> **Information provided**:
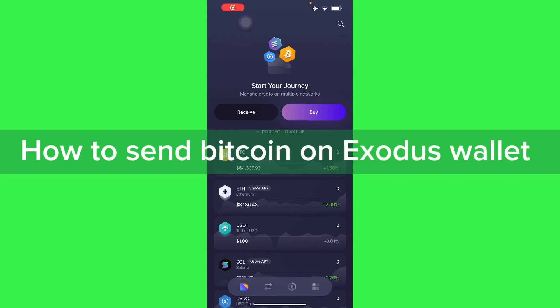So hello guys, in this video I'm going to show you how to send Bitcoin on your Exodus wallet.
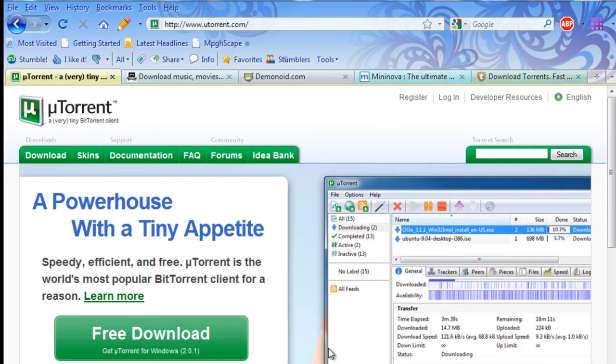The one that I suggest you use is uTorrent, available at uTorrent.com. However, if you choose, you can use another client such as LimeWire, Azureus, Vuze, anything like that should work. Just google BitTorrent client and there's a million results.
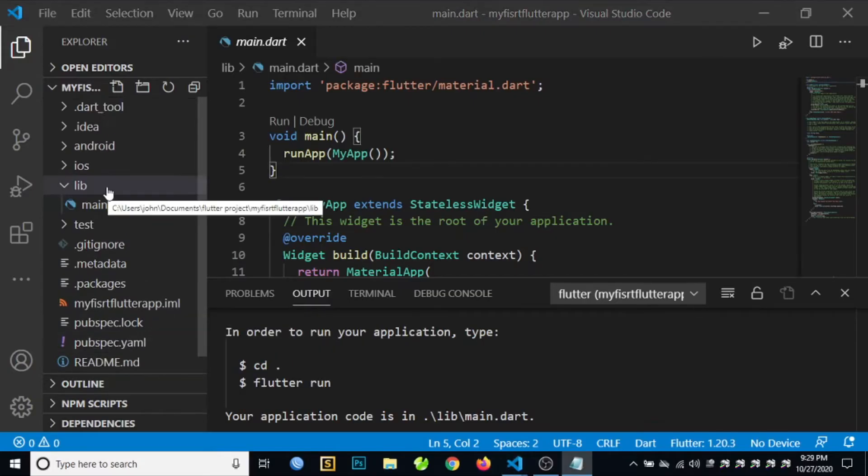In our lib folder, or the library folder, this is where we can find our Dart files.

> **Exercise directions**: The lines wanted run from the first one in the material above through the line containing "The one that"; give them again exactly, leaving out the pictures.

> **Output for this exercise**:
So hello guys, in this video I'm going to show you how to send Bitcoin on your Exodus wallet.
The one that I suggest you use is uTorrent, available at uTorrent.com. However, if you choose, you can use another client such as LimeWire, Azureus, Vuze, anything like that should work. Just google BitTorrent client and there's a million results.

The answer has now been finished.